#### Given data:
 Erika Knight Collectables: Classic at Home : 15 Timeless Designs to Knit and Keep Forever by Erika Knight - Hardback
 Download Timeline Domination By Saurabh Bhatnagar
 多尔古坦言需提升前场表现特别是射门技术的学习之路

...

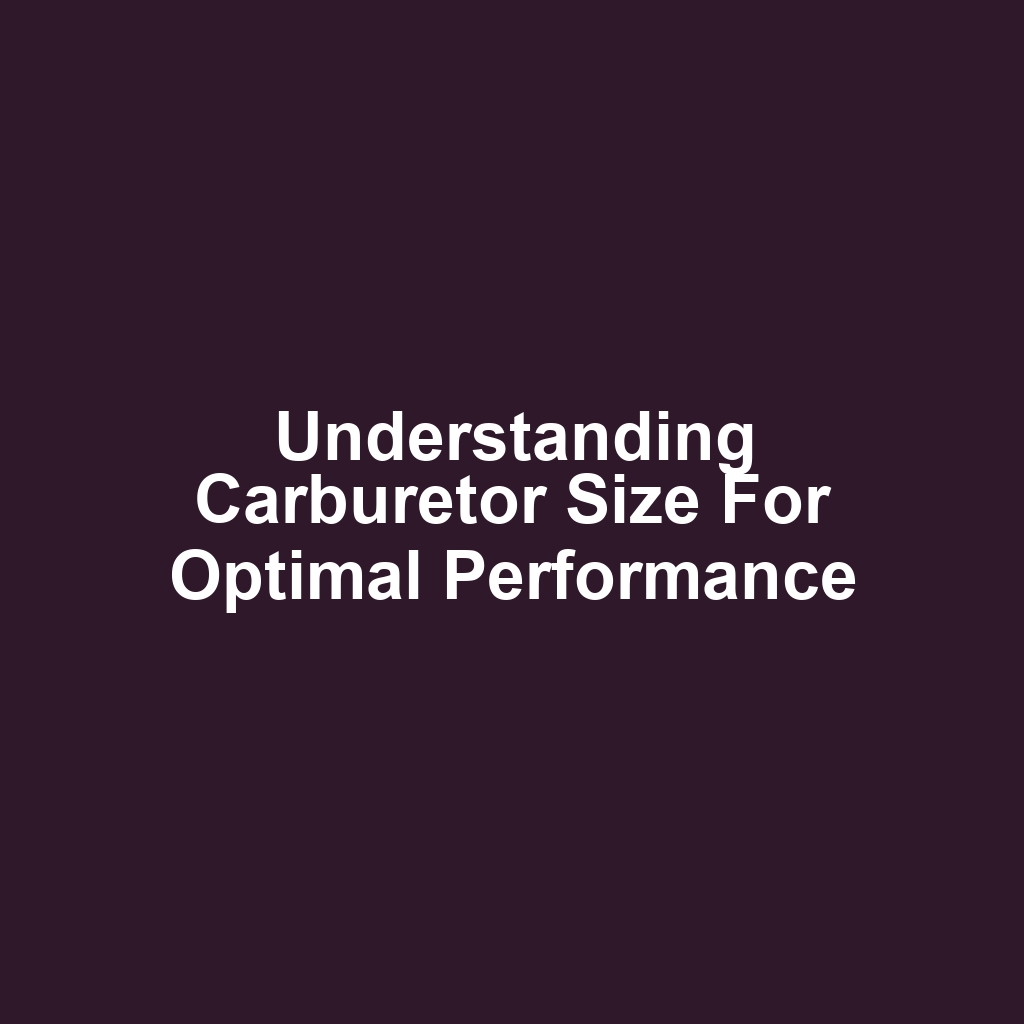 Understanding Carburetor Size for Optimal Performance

#### How to complete this task:
Using the records above, copy word for word the line with "Erika Knight Collectables: Classic", the line with "多尔古坦言需提升前场表现特别是射门技术的学习之路", and every line between them.

#### Exercise output:
 Erika Knight Collectables: Classic at Home : 15 Timeless Designs to Knit and Keep Forever by Erika Knight - Hardback
 Download Timeline Domination By Saurabh Bhatnagar
 多尔古坦言需提升前场表现特别是射门技术的学习之路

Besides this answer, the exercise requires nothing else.